[Given material]

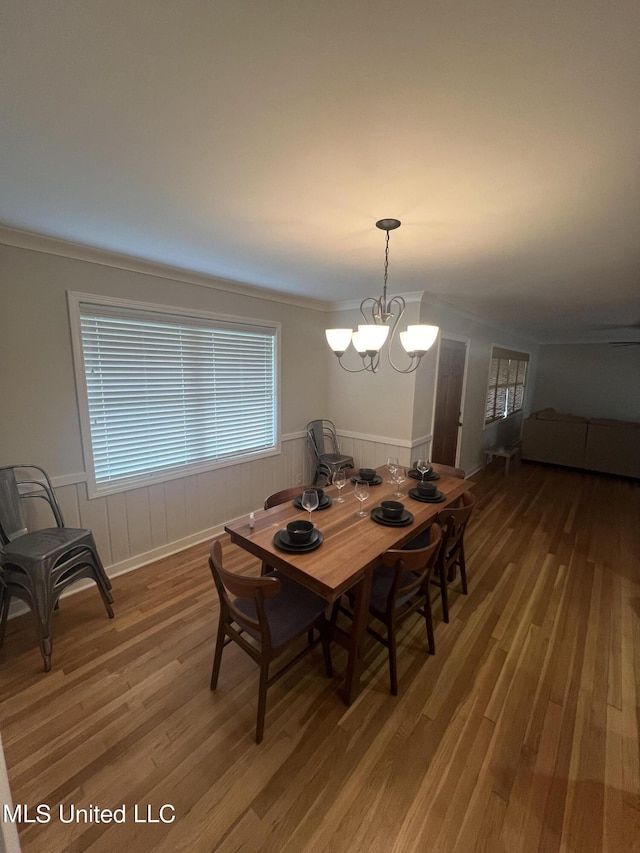 dining area featuring a healthy amount of sunlight, hardwood / wood-style floors, and a chandelier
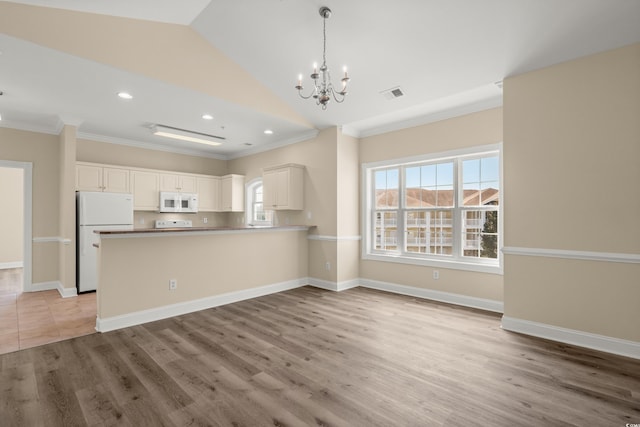 117 S Shore Blvd Unit 301, Longs, SC 29568 - kitchen featuring white appliances, ornamental molding, a chandelier, a peninsula, and light wood-style flooring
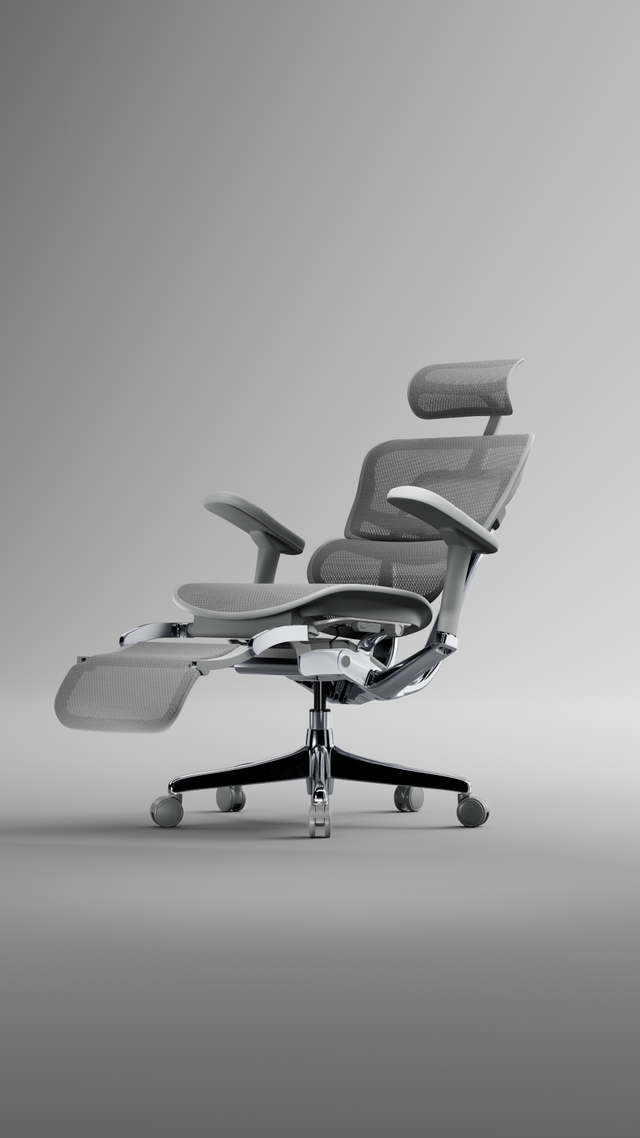 Grey mesh, grey frame Ergohuman office chair in a grey studio space reclining with the footrest opening. 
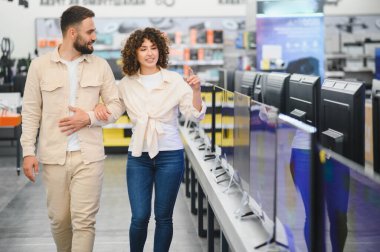 Genç bir çift elektronik mağazasında geziniyor, ev eğlencesi için yeni bir televizyon seçiyor ve inceliyor.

[/Given material]

- **What is required**
Copy all the lines of data exactly as they appear, dropping any images.

- **Written reply**
 dining area featuring a healthy amount of sunlight, hardwood / wood-style floors, and a chandelier
 117 S Shore Blvd Unit 301, Longs, SC 29568 - kitchen featuring white appliances, ornamental molding, a chandelier, a peninsula, and light wood-style flooring
 Grey mesh, grey frame Ergohuman office chair in a grey studio space reclining with the footrest opening. 
 Genç bir çift elektronik mağazasında geziniyor, ev eğlencesi için yeni bir televizyon seçiyor ve inceliyor.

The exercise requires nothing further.